If NFPA was to undertake a WUI standard or guide, it would be a complicated challenge, said Faith Berry, a wildfire management expert in NFPA’s Wildland Operations Division. Preplanning is crucial, she said, but so is flexibility. “In a wildfire, response depends a lot on what you are looking at when you size up a fire, just like sizing up a house fire,” she said. “You consider where homes are in relation to fire—are they mid-slope? Are they near a canyon? Weather is a big thing, and so are details like the dryness of the vegetation.”
‘A big opportunity’
Making WUI communities more resilient was also a primary aim of the study. In earthquake-prone California, building codes ensure that structures are built to withstand tremors. But in the fire-prone WUI, where more than 120 million Americans live, there are few commensurate codes to help homes withstand wildfire. NFPA documents designed to mitigate potential impacts of WUI fires include NFPA 1141, Fire Protection Infrastructure for Land Development in Wildland, Rural, and Suburban Areas, which offers guidance for assessing how land use changes might impact a community’s ability to respond effectively to a wildfire incident, and NFPA 1144, Reducing Structure Ignition Hazards From Wildland Fire, which provides methodology for assessing wildland fire ignition hazards around structures.

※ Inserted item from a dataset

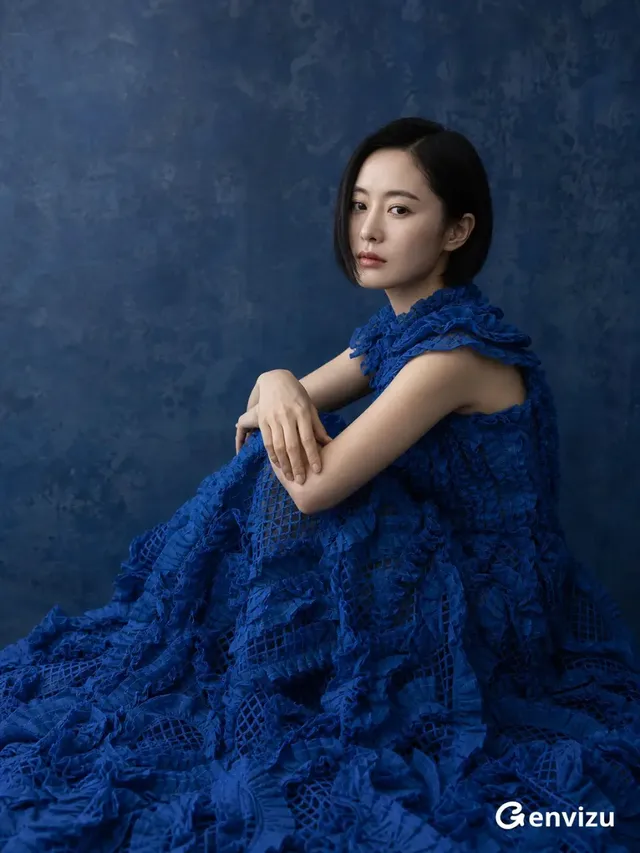 Fine-art fashion portrait of an East Asian woman with a chin-length bob, wearing a voluminous cobalt-blue ruffled couture gown, seated in a curled pose against a mottled indigo studio wall.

Greater structural resiliency in the WUI is the goal, but our current knowledge is insufficient to achieve it, Maranghides said. He hopes that efforts like the NIST study will lead to breakthroughs that can help builders design and site structures so they are much more resistant to wildfire. It’s a sizable challenge, because wildfire events are complex, with many more variables than other natural disasters. “On the other hand, wildfires are one of the few disasters where we can control the intensity,” he said. “We cannot change the intensity of a tornado, but with different construction materials and with a careful response we can alter a WUI fire. There is a big opportunity here—if we can develop test methods, we can figure out how to reliably harden structures.”
NIST has been working toward developing methods to quantitatively measure a host of wildfire vulnerability factors in both structures and the surrounding environment to produce exposure scores for structures. Landscape features such as topography and fuel loads in the environment; community factors such as the density of structures in a neighborhood; and parcel-specific factors like a home’s building materials, would all need to be considered in assessing exposure. A much better understanding of how wildfire moves through a landscape and how embers—which cause an estimated half of WUI ignitions—travel and promulgate are also needed, Maranghides said.
The NIST work will continue. While no specific projects are planned, Maranghides figures the next wildfire investigation is just around the corner. Despite the enormous effort, it’s worth it and necessary, he said. “It’s laborious and complicated and multi-disciplinary and slow, and there is no shortcut, but it has enabled us to begin to understand this very complex phenomenon,” he said of the Mountain Shadows work. “You have to go through that long process, because without that due diligence, it’s very easy to come up with wrong conclusions.”